A word-for-word copy of the data, pictures excluded, is what this task asks for.

[[ Task data open ]]

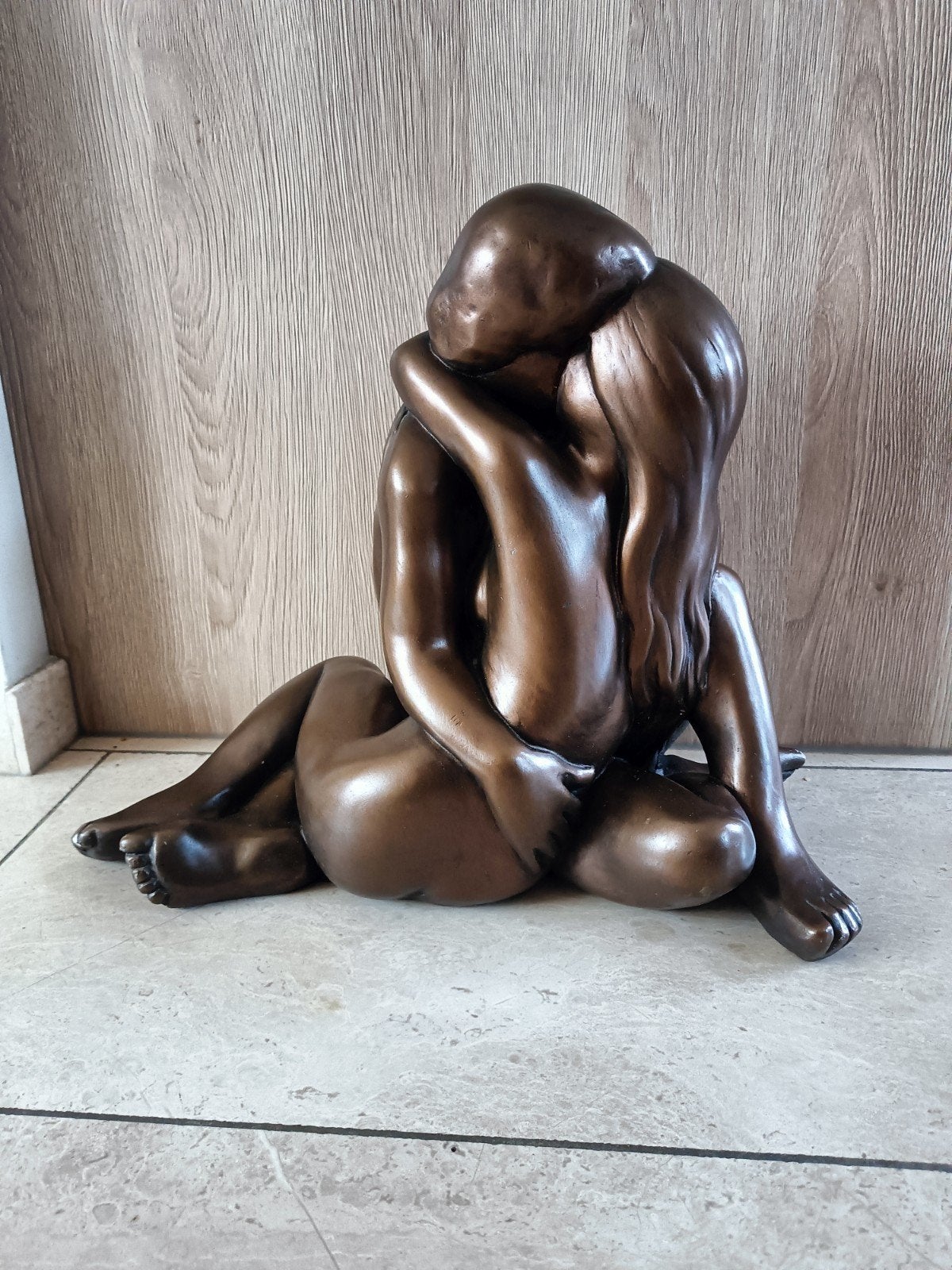 Beeld "de omhelzing", Antiek en Kunst, Ophalen, Beeld, 20 - 50 cm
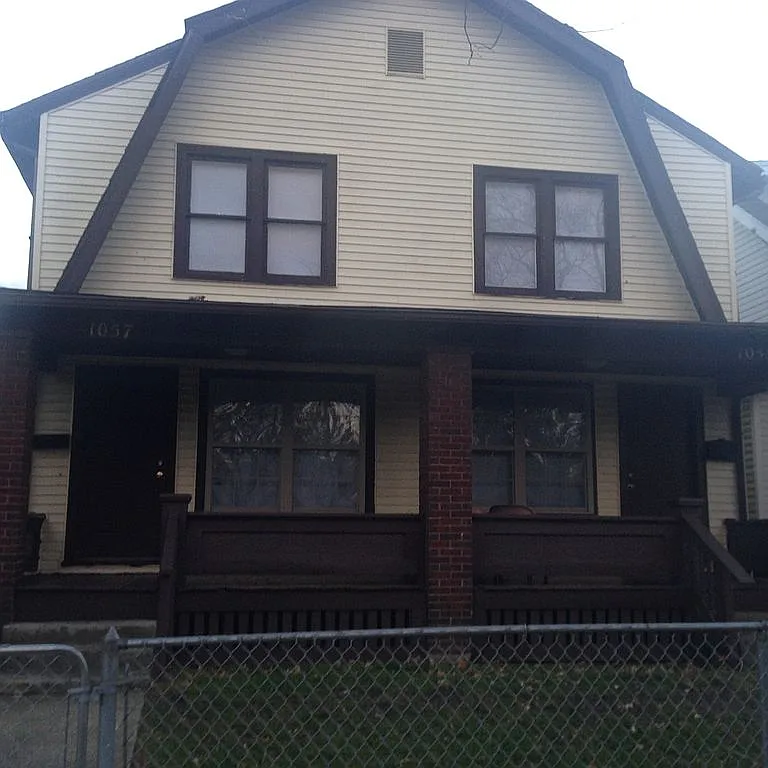1055-1057 E 16th Ave photo 1
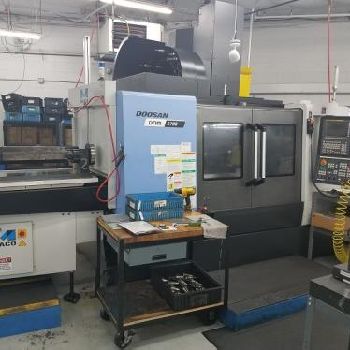 Doosan #DNM5700, 30+1 SMTC, 41" X,22 Y,20 Z, 12k RPM, #40, Fanuc I, probe, 2017, #81696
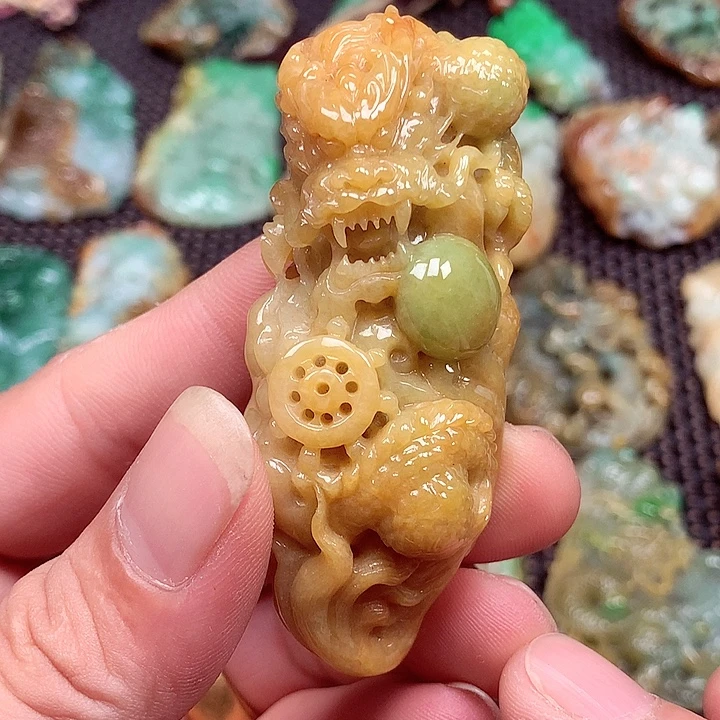 颈饰未镶嵌翡翠龙牌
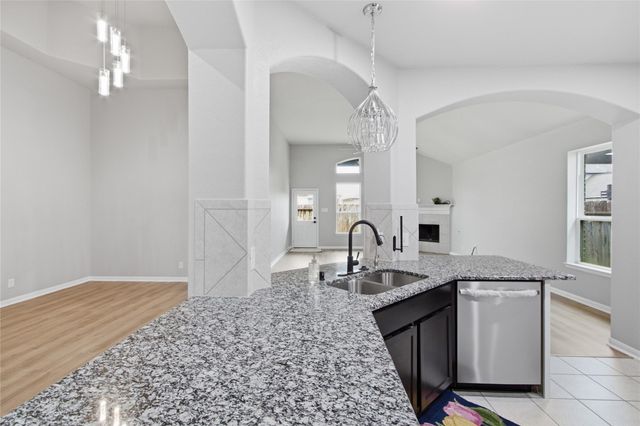 10406 Sill Prairie Drive, Rosharon, TX 77583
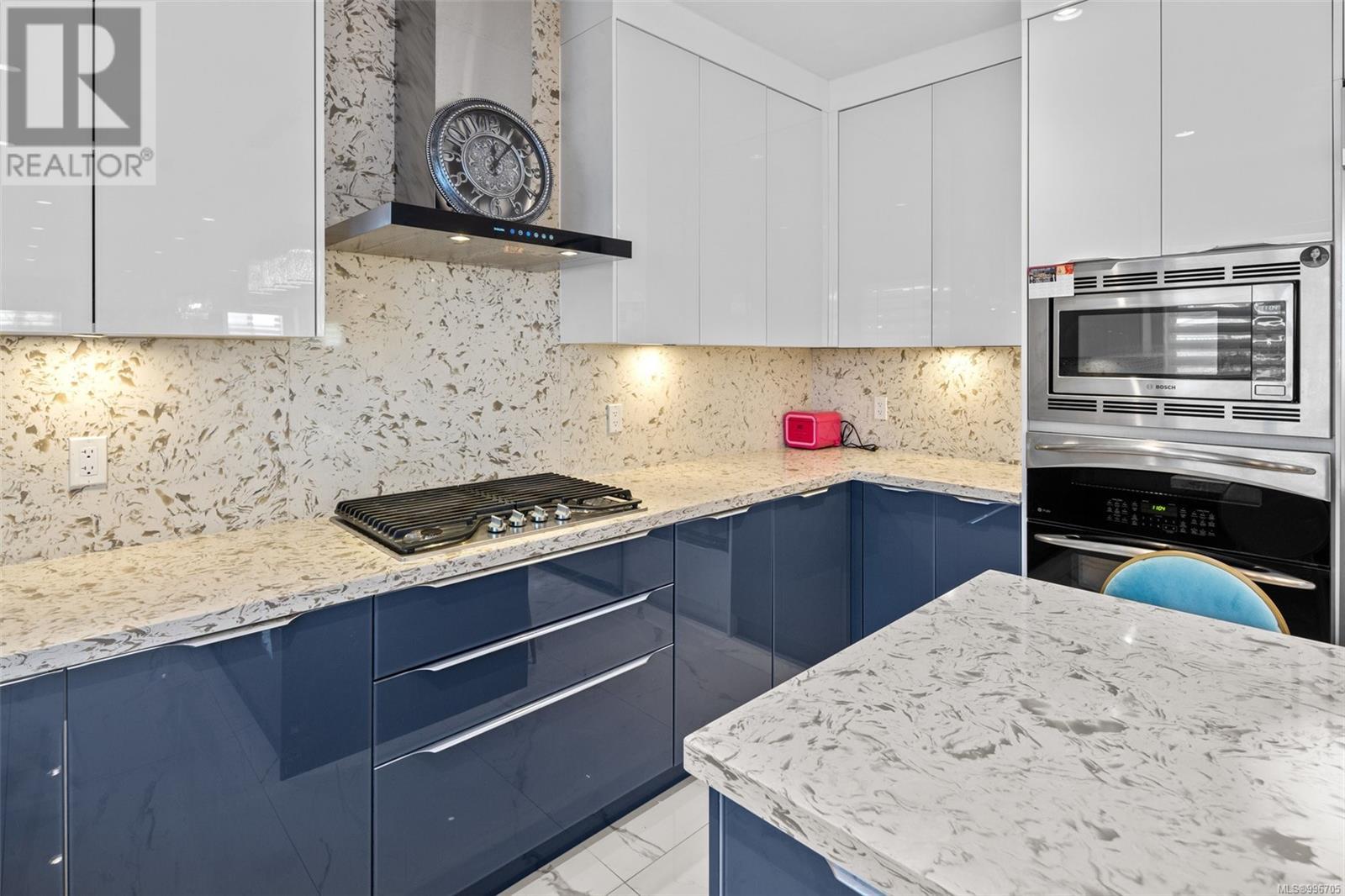  2328 Dunlevy Street, Oak Bay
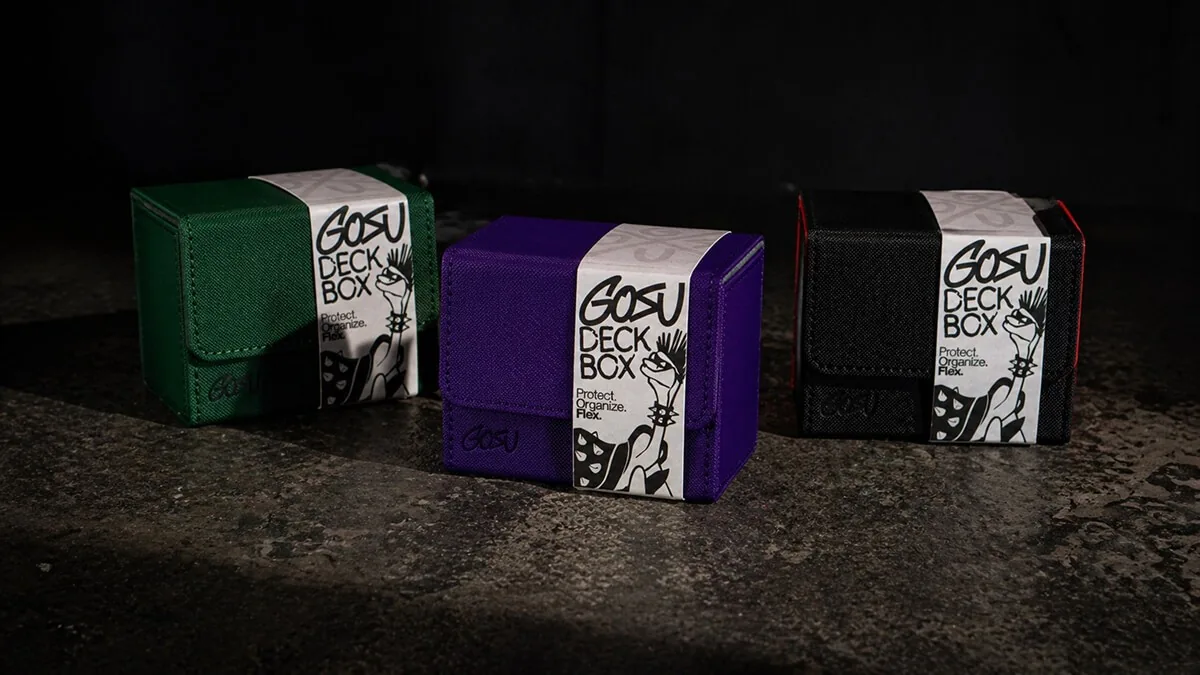 Tres deckboxes GOSU en verde, morado y negro sobre concreto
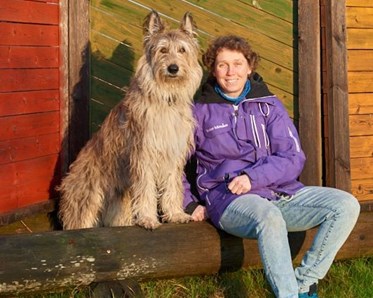 Jana Himmel sitter bredvid sin Picard Moril i solen.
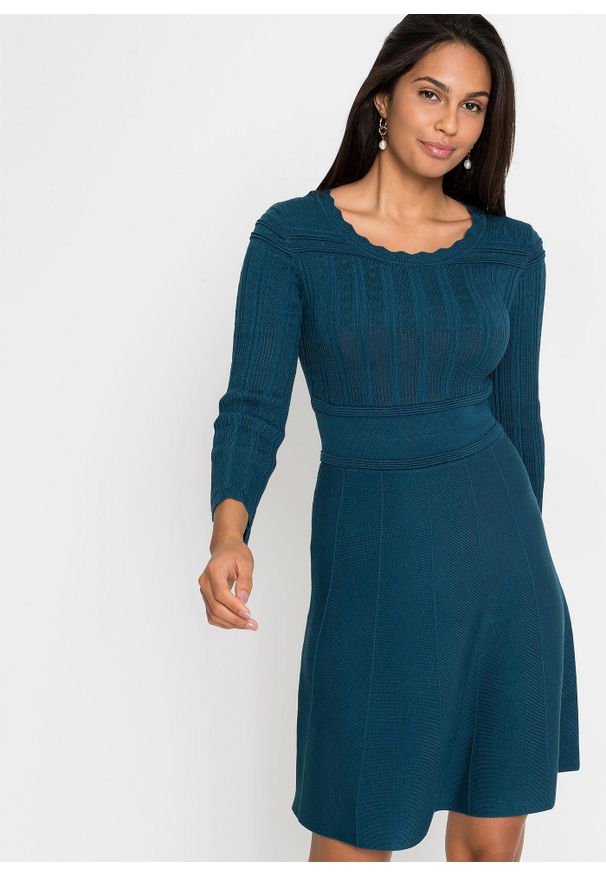 bonprix - Sukienka dzianinowa z ażurowym wzorem. Kolor: niebieski. Materiał: dzianina, wiskoza. Wzór: ażurowy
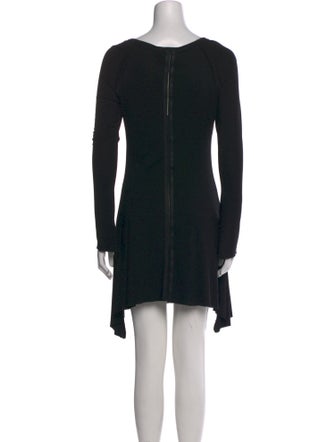 Alice + Olivia Bateau Neckline Knee-Length Dress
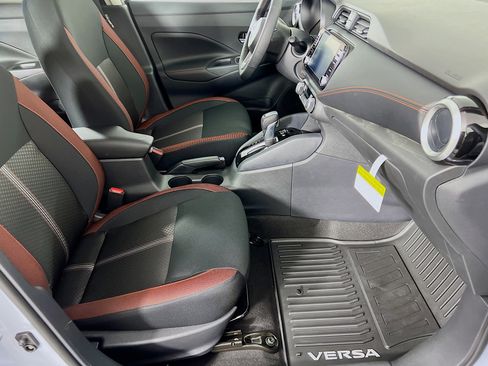 New 2025 Nissan Versa SR w/ Trunk Package image 22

[[ Task data closed ]]

** Answer to the problem **
 Beeld "de omhelzing", Antiek en Kunst, Ophalen, Beeld, 20 - 50 cm
1055-1057 E 16th Ave photo 1
 Doosan #DNM5700, 30+1 SMTC, 41" X,22 Y,20 Z, 12k RPM, #40, Fanuc I, probe, 2017, #81696
 颈饰未镶嵌翡翠龙牌
 10406 Sill Prairie Drive, Rosharon, TX 77583
  2328 Dunlevy Street, Oak Bay
 Tres deckboxes GOSU en verde, morado y negro sobre concreto
 Jana Himmel sitter bredvid sin Picard Moril i solen.
 bonprix - Sukienka dzianinowa z ażurowym wzorem. Kolor: niebieski. Materiał: dzianina, wiskoza. Wzór: ażurowy
 Alice + Olivia Bateau Neckline Knee-Length Dress
 New 2025 Nissan Versa SR w/ Trunk Package image 22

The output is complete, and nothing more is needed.